Os reguladores dos EUA não irão rever o pedido da Moderna para autorizar uma nova vacina contra a gripe, potencialmente mais eficaz – apesar de a Food and Drug Administration (FDA) dos EUA ter anteriormente dado luz verde ao projecto – numa decisão que poderá ter implicações para todas as vacinas novas e actualizadas nos EUA.
É a mais recente medida da administração Trump contra as vacinas.

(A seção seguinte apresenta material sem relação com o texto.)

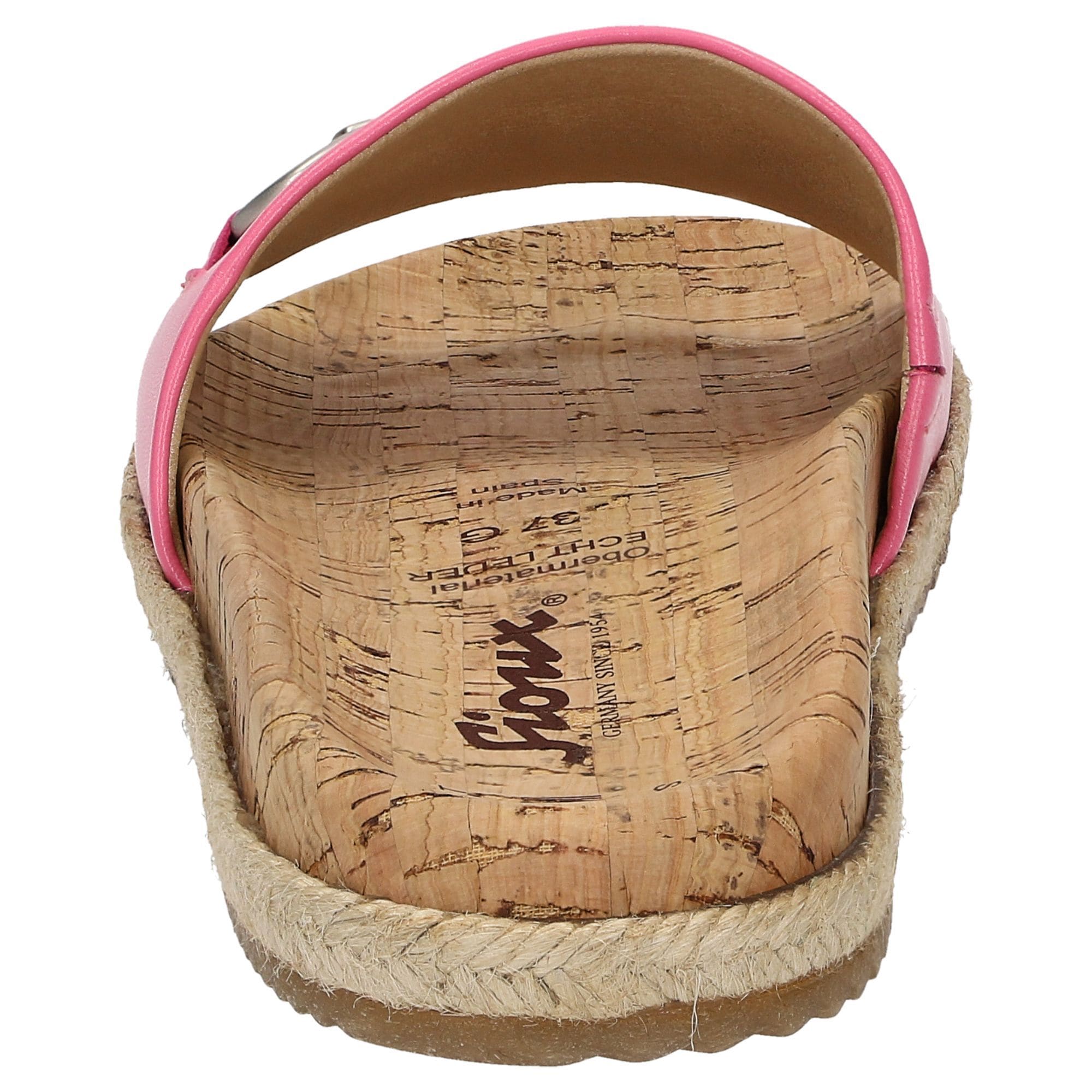 SIOUX Pantolette »Aoriska-704«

Em Janeiro, as autoridades decidiram parar completamente de recomendar um terço das vacinas infantis de rotina, incluindo vacinas contra a gripe.
“Isso provavelmente impedirá a indústria de investir em futuras vacinas contra a gripe e tornará o trabalho com a FDA dos EUA incerto e problemático”, disse Dorit Reiss, professora de direito na UC Law San Francisco.
“Eles recusam-se a rever uma nova vacina com tecnologia mais flexível, criando ao mesmo tempo um risco real de não termos vacinas tradicionais no próximo ano”.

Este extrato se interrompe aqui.